#### WHAT YOU WILL DO
Exactly as written, return every line of the data below apart from the pictures.

++++ SUPPLIED INFORMATION ++++

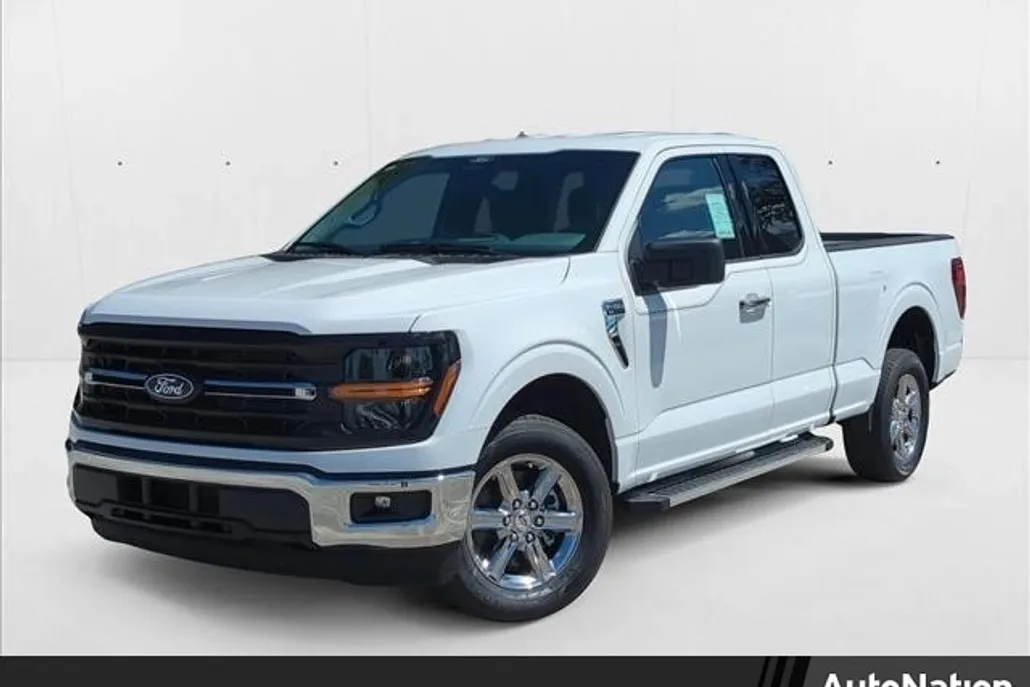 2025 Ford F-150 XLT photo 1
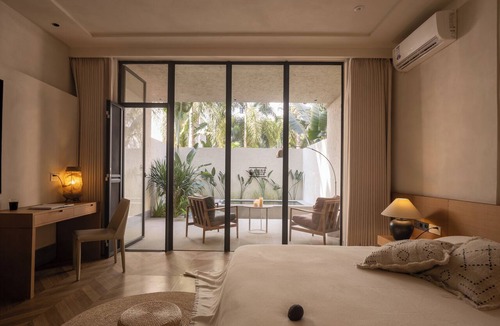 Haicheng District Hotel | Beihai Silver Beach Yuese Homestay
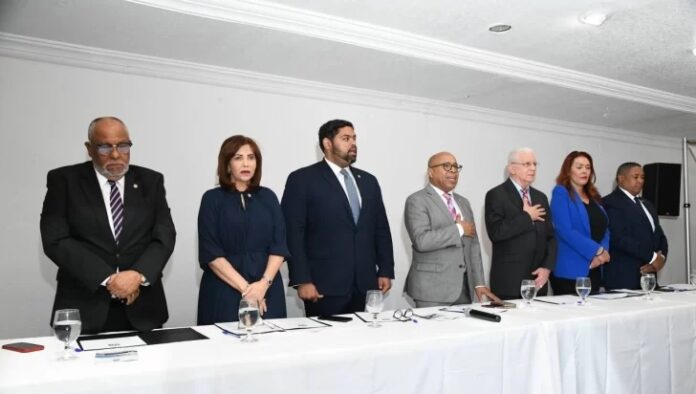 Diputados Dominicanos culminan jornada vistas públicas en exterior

++++

#### ANSWER
 2025 Ford F-150 XLT photo 1
 Haicheng District Hotel | Beihai Silver Beach Yuese Homestay
 Diputados Dominicanos culminan jornada vistas públicas en exterior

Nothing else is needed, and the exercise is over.